Cada hombre y cada mujer tienen al menos una metáfora que expresa su vida. Una metáfora a veces menesterosa, otras deslumbrante, en ocasiones desconocida, incluso, por quien fue cifrado por ella. Una de las metáforas que expresa a Oswaldo Brito, muerto en la noche del pasado martes, se produjo en la campaña electoral en la que intentó convertirse en senador. Fue una campaña difícil y con pocos medios que Brito asumió con su feroz energía de siempre hasta que un día, en un pueblo del norte de Tenerife, le anunciaron un pinchazo terrible. Se habían dispuesto un centenar de sillas en una pequeña explanada y a la hora del mitin no se había acercado al lugar absolutamente nadie. Nadie. Debía suspenderse el acto. Pero Brito se negó. El acto estaba convocado y hablaría, y se dirigió a la pequeña tarima y frente a un micrófono de chichinabo pidió el voto para el nacionalismo de CC durante cinco minutos sin dudas, sin titubeos, sin desfallecimiento. Su discurso sumó a un curioso que andaba por ahí y que incluso soltó tres o cuatro aplausos al final. Luego cayó una ligera y fugaz llovizna y la campaña electoral continuó.

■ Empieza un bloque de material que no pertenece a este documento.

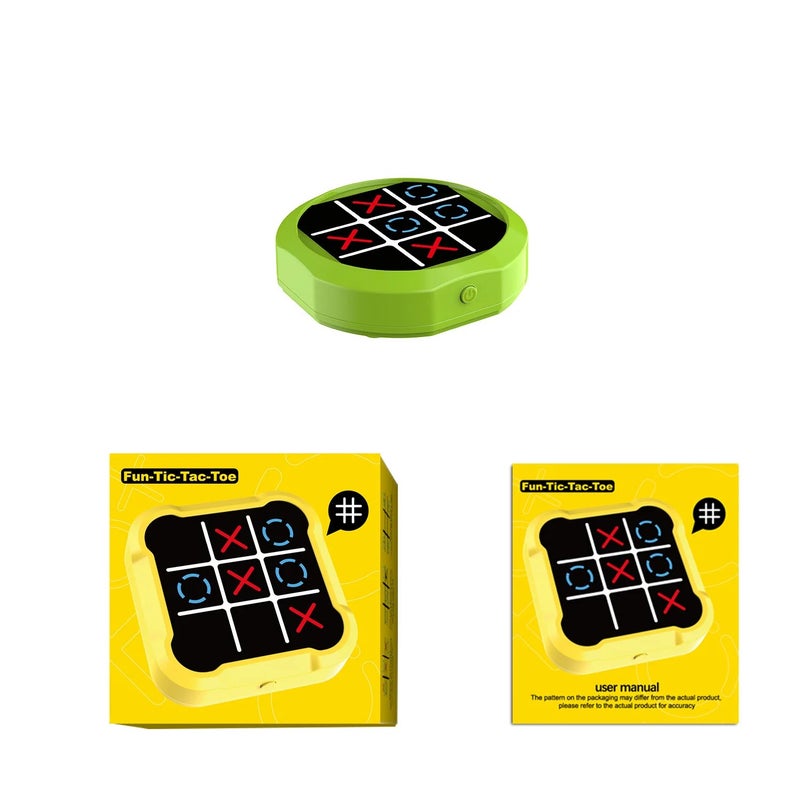 Y&D Electronic Tic-Tac-Toe Board Game 4-in-1 Set - Portable Strategy Game with X & O Letters - ABS Material - Indoor Party Fun - Image 1
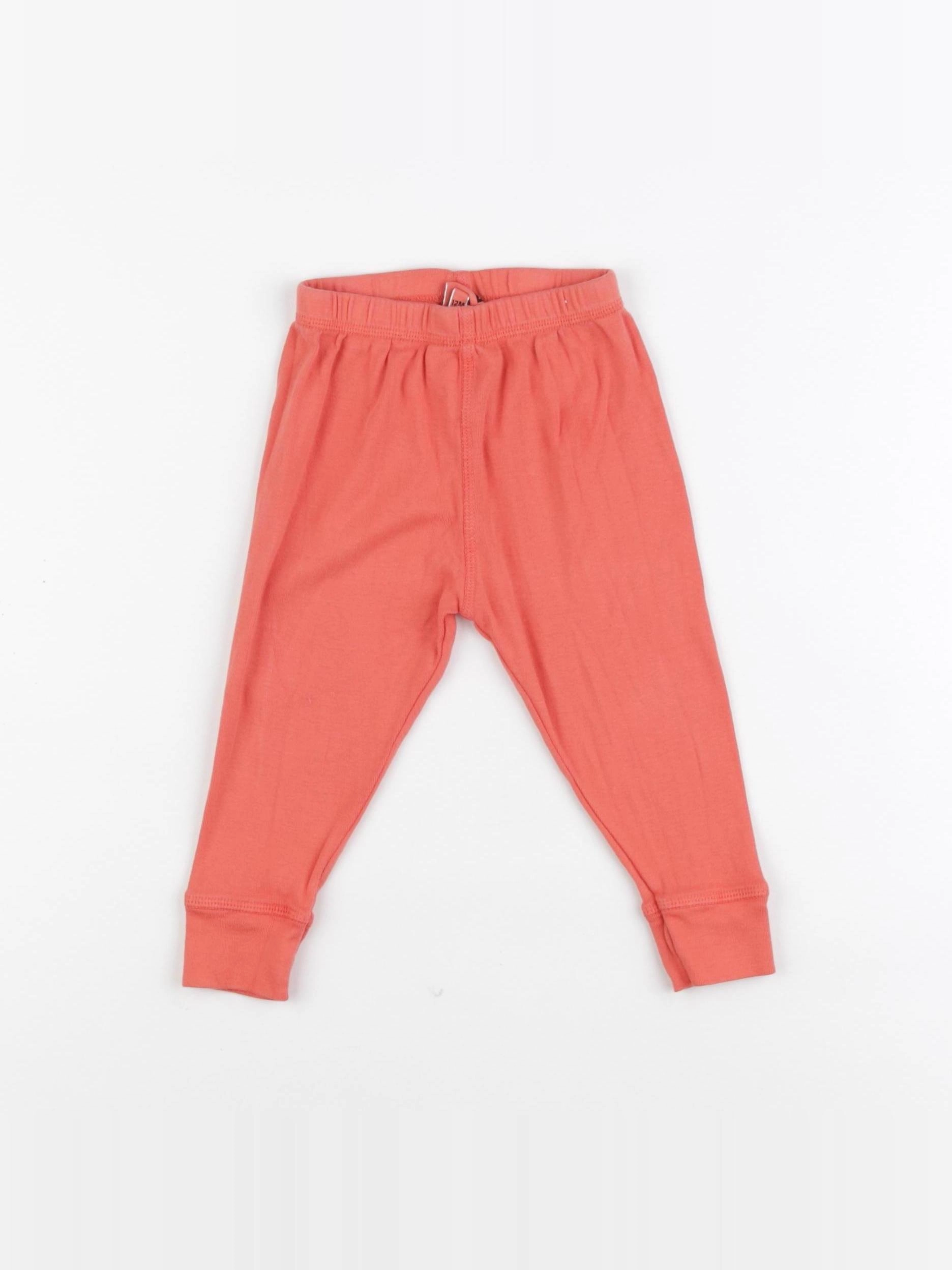 Bonton - legging rouge - 12 mois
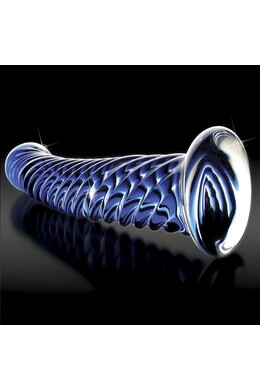 Luxury Hand-Blown Glass Massagers - Elegant and Handcrafted
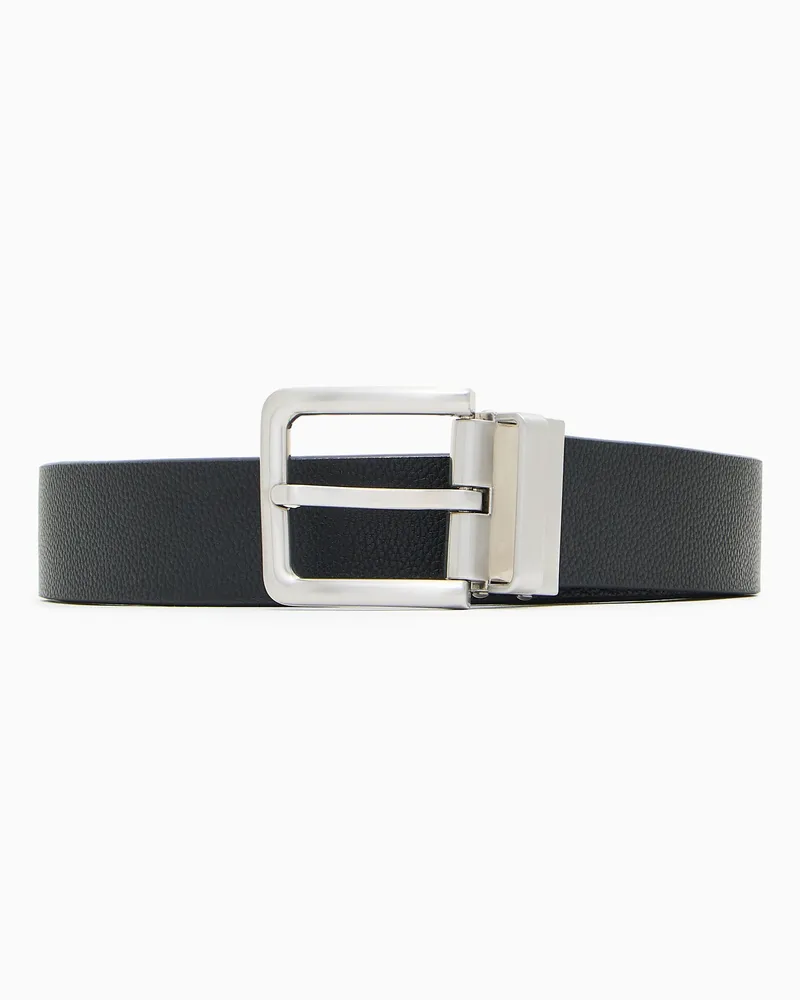 Armani Exchange Ledergürtel mit Logo Schwarz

Es una metáfora perfecta de una voluntad indomable y también de un fracaso cuajado de éxitos, inteligencia y brillantez. A finales de los años setenta se esperaba todo de Oswaldo Brito cuya energía, valor cívico, formación intelectual y capacidad parecían ilimitadas. Ni los socialdemócratas ni los comunistas tenían a nadie con semejante potencial. Como muchos otros pasó del obrerismo católico en la adolescencia al marxismo –algo catecuménico — y al nacionalismo – más sentimental que teorizado — y fue un dirigente sindical bregado en el tardofranquismo en la industria tabaquera, en los transportes y en la estiba portuaria. Detenciones, amenazas, multas, algunas hostias grises. Hijo de un magnífico maestro de escuela tenía tiempo de licenciarse y luego doctorarse en Historia con una ambiciosa y desigual tesis titulada Historia del movimiento obrero canario, que publicada en 1980 se convirtió en un libro de referencia durante un cuarto de siglo. Antes de los 30 años era profesor no numerario de la Universidad de La Laguna, enardecía con sus discursos en la Unión del Pueblo Canario, organizaba manifas y concentraciones y cofundaba el Colectivo Jusocan – abogados, profesores, peritos – para el asesoramiento en los conflictos laborales –que nadie recuerda ya — durante los prolongados estertores de la dictadura. De la UPC al liderazgo de la Confederación Autónoma Nacionalista Canaria y de la COAC – autogestionaria y autodeterminista — a la Izquierda Nacionalista Canaria, que se coaligó con Asamblea Canaria para presentarse a las elecciones autonómicas de 1987. Sacaron dos diputados: Pedro Lezcano por Gran Canaria y Oswaldo Brito por Tenerife.
Fue el momento de plenitud de la vida política de Brito, tal vez el mejor orador que ha visto la Cámara regional. En sus intervenciones más afortunadas tocaba todos los palos: la capacidad analítica, la ironía afilada, el control del ritmo discursivo, la improvisación ingeniosa, el adjetivo preciso, el latigazo inesperado. Pero cuando llegó el momento decisivo estaba solo. Es la soledad de Oswaldo Brito, sin un partido sólido detrás, sin alianzas pragmáticas y víctima de una inteligencia demasiado evidente y ambiciosa lo que explica su papel crecientemente marginal en AIC y en Coalición Canaria, donde llegó con la convicción de que representaba el único nacionalismo posible. José Carlos Mauricio y Oswaldo Brito nunca se soportaron (Brito representaba para el excomunista lo que jamás consiguió ser: un intelectual y un ideólogo) y muy pronto Ican fue Mauricio y el historiador se quedó fuera. La Universidad terminó por aburrirle: renunció a conseguir una cátedra y su último libro relevante, Argenta de Franquis, una mujer de negocios, lo publicó en 1991. Uno de los políticos más dotados de su generación se exilió de la política sin haber ejercido ni como director general. Por fin había decidido desconvocar el mitin.